Is this a major step out into the unknown for me as a writer?  In some ways, yes.  I tried writing a fantasy novel in my teens and gave it up because the worldbuilding was driving me crazy.  I've never tried to write anything fantasy-ish again... until now.  

But, because I'm me, A Noble Companion has an American West flavor -- I've created a world based on Spanish California in the early 1800s (think of Zorro), but with talking animals and dragons.  

I have an inspiration board for this book on Pinterest -- you can check that out here!

Anyway!  I love my cover, and I'm having a great time writing this book.  If you'd like to see covers for more of the series, we are releasing four at a time every Monday for the whole month of June -- you can find the first eight here in my Instagram feed!
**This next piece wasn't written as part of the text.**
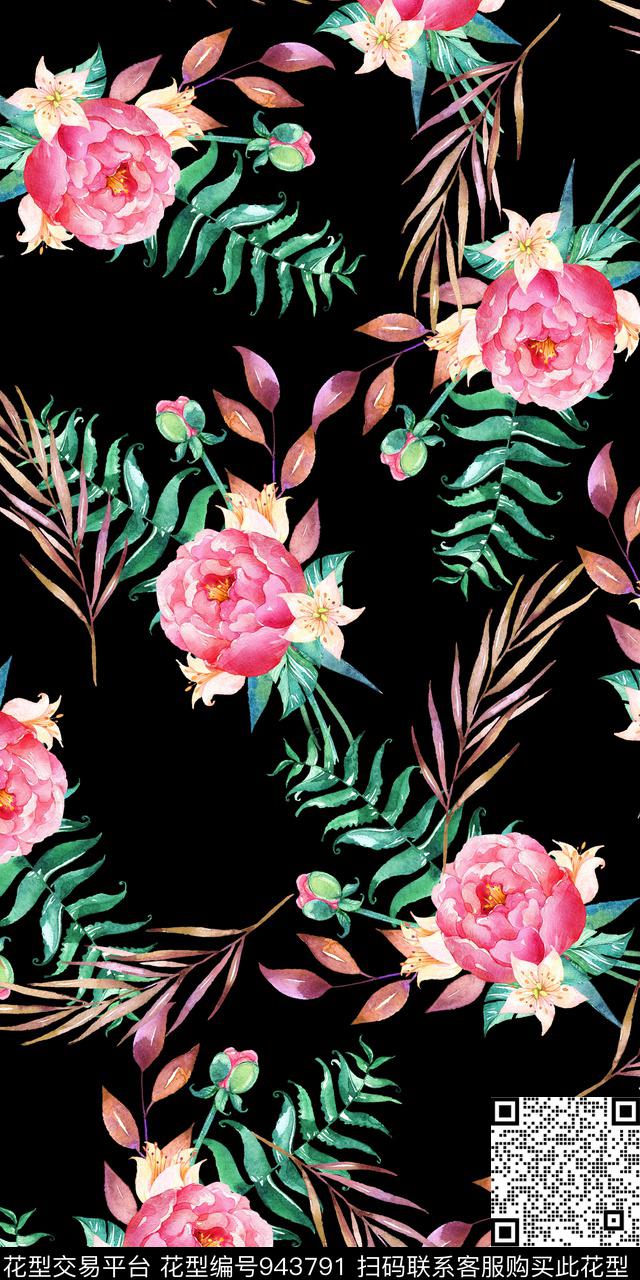 小碎花黑底花卉手绘花卉数码印花华亿平台下载（图片编号: 943791） - 瓦栏（Walan）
If you think A Noble Companion sounds like a fun read, you can mark it as "want to read" here on Goodreads.

Monday, June 10, 2024

"Break the Beast" by Allison Tebo

This book blew me away.  It's got a vibe like Till We Have Faces by C. S. Lewis, but mixed with wonderful wordsmithing ala Caraval by Stephanie Garber, and with a hero who could stand beside any of the great men in The Lord of the Rings by J. R. R. Tolkien.
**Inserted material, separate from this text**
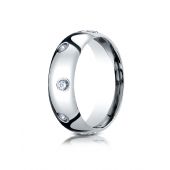 Palladium 6mm Comfort-Fit Burnish Set 8-Stone Diamond Eternity Ring (.32ct)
And if that sounds hyperbolic, I assure you it is not.  This is going to be one of my top books for the year.

Break the Beast is a retelling of the ancient epic Beowulf, but with a wonderful twist.  Instead of killing the monster Grendel, Beowulf saves her from being a monster.  In this book, Grendel was once a human girl, and when Beowulf offers her a chance to turn from worshiping the Dragon Below and instead worship the Almighty, he's also offering her a chance to reclaim her humanity.

I don't want to spoil the story too much, but this is simultaneously an epic quest to defeat monsters and a very personal story of the power of faith and friendship.  It's an allegory like Till We Have Faces, but it's also an emotion-charged fantasy adventure like The Lord of the Rings.

I also loved that, like Balefire by Deborah Koren, this book centers on a platonic friendship between a man and a woman.  I love books like that where romance doesn't need to be part of the plot just because the two main characters are a guy and a girl.  If this is a new trend, I applaud it!

I had to read this book in little bites most of the time because I needed to savor the exquisite writing and storytelling.  I've enjoyed Allison Tebo's writing for years now, but this is far above everything she's written before.  It is magnificent.  Though there is a little flavor of decision-based theology here and there that I do not personally agree with, just fyi.

Particularly Good Bits:

"You and I both know that when we do not allow the Almighty to erect the walls of his truth around our thoughts, our minds devour us, and then, fools that we are, we blame the Almighty for our pain, and we choose to live in the chaos, instead of seeking freedom in Him (p. 20-21).

As the hours pass, he tries several times to speak to me, but each time, the words fall to the ground with the rain, leaving puddles of awkward silence behind (p. 172).

If This was a Movie, I Would Rate It: PG-13 for mildly gory violence and one instance of someone insinuating a woman has seduced a man (she hasn't).

This is the 15th book I've read from my TBR shelves for the 2024 Mount TBR Reading Challenge.